Imacula Conceição 2020 - Homilia de Dom Virgílio

SOLENIDADE DA IMACULADA CONCEIÇÃO 2020
SÉ VELHA DE COIMBRA

Caríssimos irmãos e irmãs!

Eis-nos chegados ao dia feliz da Solenidade da Imaculada Conceição da Virgem Santa Maria. Assinalamos aqui, na Sé Velha de Coimbra, os 700 anos do culto da Imaculada Conceição instituído oficialmente pelo bispo D. Raimundo Evrard, por carta de 17 de outubro de 1320.

Tratou-se de um gesto ousado, tendo em conta as discussões teológicas existentes nessa época e nos tempos sucessivos a esse propósito. A persistência na busca da verdade doutrinal feita nas escolas, acompanhada pelo sentir geral dos fiéis, fez o seu caminho, de modo a chegarmos ao ponto alto da definição do dogma da Imaculada Conceição, proclamado pelo papa Pio IX em 1854.

A nação portuguesa faz parte desta história e participa neste caminho contando com as suas mais altas instituições e na fidelidade às suas raízes, antecipando na fé, na vida e na devoção dos fiéis o que o dogma havia de consagrar. Ao proclamar a Imaculada Conceição como Padroeira de Portugal, em 1646, D. João IV teve a feliz capacidade de entender o sentir do seu povo, que via a Virgem Maria a partir do mistério de Cristo e da Igreja, a partir do mistério da redenção humana.

“Ave, cheia de graça”.

Ao longo dos tempos, a reflexão cristã foi acentuando a importância do privilégio concedido por Deus à Virgem Maria, e com razão, por ela ser cumulada de graça, mais do que todas as outras criaturas. O Concílio Vaticano II ajudou-nos a interpretar adequadamente esta expressão, quando nos apresentou Maria como figura de mulher e de mãe, como figura humana marcada pela fé e cheia de virtudes simples e acessíveis que podemos acolher e desenvolver ao longo da nossa peregrinação sobre a terra.

Ao ser saudada como cheia de graça pelo Arcanjo Gabriel, segundo a narração agora escutada, e ao ser declarada como imaculada na sua conceição e, portanto, preservada imune de toda a mancha do pecado original, pela definição dogmática, professa-se, sem dúvida, a realidade única do mistério salvífico de Deus.

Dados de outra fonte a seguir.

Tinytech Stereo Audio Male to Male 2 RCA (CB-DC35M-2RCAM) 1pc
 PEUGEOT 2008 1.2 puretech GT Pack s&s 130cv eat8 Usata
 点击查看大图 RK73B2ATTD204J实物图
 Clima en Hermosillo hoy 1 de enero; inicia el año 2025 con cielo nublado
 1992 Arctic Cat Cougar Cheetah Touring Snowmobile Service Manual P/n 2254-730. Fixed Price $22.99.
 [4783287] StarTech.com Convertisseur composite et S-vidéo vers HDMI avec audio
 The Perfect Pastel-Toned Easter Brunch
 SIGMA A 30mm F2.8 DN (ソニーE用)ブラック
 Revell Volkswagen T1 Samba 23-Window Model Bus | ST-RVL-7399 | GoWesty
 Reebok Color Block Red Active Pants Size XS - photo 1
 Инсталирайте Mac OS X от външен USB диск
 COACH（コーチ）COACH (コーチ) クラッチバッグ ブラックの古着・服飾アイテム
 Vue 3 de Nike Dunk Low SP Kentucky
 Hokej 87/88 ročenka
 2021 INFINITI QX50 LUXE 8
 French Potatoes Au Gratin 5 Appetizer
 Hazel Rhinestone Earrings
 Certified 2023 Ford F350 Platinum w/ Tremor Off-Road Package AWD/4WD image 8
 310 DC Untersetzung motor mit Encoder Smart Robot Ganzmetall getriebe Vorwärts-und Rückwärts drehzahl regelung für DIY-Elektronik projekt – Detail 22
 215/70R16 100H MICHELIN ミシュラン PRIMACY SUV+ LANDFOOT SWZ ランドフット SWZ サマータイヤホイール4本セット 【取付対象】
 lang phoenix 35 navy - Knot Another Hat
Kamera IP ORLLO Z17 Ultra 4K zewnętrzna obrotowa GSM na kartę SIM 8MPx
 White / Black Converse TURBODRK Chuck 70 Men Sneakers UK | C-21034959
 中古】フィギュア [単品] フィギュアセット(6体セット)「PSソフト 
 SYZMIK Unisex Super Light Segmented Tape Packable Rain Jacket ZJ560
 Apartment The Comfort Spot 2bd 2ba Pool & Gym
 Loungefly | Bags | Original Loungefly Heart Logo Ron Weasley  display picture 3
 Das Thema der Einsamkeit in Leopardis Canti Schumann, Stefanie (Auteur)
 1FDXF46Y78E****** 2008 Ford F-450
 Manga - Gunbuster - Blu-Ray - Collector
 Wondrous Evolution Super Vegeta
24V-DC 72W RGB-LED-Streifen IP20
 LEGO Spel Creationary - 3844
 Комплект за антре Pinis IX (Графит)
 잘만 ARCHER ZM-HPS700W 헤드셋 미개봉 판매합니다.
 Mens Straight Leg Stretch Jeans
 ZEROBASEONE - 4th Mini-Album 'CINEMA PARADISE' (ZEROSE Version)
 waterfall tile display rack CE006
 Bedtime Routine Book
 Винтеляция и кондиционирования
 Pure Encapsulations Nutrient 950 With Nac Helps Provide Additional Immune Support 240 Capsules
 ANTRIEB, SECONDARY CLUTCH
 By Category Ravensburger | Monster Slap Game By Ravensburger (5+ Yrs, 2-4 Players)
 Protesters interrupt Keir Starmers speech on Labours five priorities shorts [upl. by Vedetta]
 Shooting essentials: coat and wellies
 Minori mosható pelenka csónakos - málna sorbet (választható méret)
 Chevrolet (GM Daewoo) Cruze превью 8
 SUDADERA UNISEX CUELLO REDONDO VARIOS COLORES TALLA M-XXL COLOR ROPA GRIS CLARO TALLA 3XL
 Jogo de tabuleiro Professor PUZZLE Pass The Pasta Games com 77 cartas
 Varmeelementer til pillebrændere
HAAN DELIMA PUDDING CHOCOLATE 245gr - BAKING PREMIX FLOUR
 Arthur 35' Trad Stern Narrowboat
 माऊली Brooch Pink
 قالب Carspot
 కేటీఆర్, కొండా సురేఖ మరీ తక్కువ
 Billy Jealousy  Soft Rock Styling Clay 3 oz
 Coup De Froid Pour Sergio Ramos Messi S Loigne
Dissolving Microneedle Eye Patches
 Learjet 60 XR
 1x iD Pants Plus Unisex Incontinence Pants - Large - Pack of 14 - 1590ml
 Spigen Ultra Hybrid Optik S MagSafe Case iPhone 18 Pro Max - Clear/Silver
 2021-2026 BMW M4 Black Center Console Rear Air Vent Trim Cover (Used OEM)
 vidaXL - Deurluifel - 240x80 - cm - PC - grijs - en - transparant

Após a saudação do Anjo, o Evangelista Lucas adianta imediatamente: “conceberás e darás à luz um Filho a quem porás o nome de Jesus”, tornando claro que o dom único de Deus se orienta para o dom, não só único como maior e mais excelente, que é a incarnação do Verbo de Deus para redenção da humanidade. No pensamento e no coração de Deus, que concede a Maria o privilégio da conceição imaculada, estamos todos incluídos, pois ali se prepara o seio que há de acolher Jesus, o Filho Primogénito, e que, na sua maternidade espiritual, nos há de acolher também a nós.

A esta luz podemos ler aquilo que somos pelo dom da graça recebida no batismo e que faz de nós filhos adotivos e herdeiros capazes de cantar com a Virgem Maria os louvores de Deus; alegramo-nos por a Virgem Maria nos dar Jesus, o Filho de Deus, por quem recebemos toda a espécie de bênçãos espirituais em Cristo.

Como filhos de Maria, sentimo-nos agradecidos a Deus por nos ter dado tão carinhosa Mãe. N’Ela vemos espelhado o rosto misericordioso de Deus que, chegada a plenitude dos tempos, prepara a vinda de Jesus ao mundo e por meio d’Ele manifesta a grandeza do amor que tem por cada um de nós, para que não se perca nenhum dos mais pequeninos.

“Eis a escrava do Senhor; faça-se em mim segundo a tua palavra”.

A “cheia de graça” por vontade de Deus, tornou-se “a escrava do Senhor” pela sua própria vontade livre iluminada pela fé e pela força do Espírito Santo. De pouco serviria a Maria e a nós o privilégio da sua conceição imaculada se o dom que recebeu não encontrasse nela uma vontade e um coração livres para acolher o projeto de Deus.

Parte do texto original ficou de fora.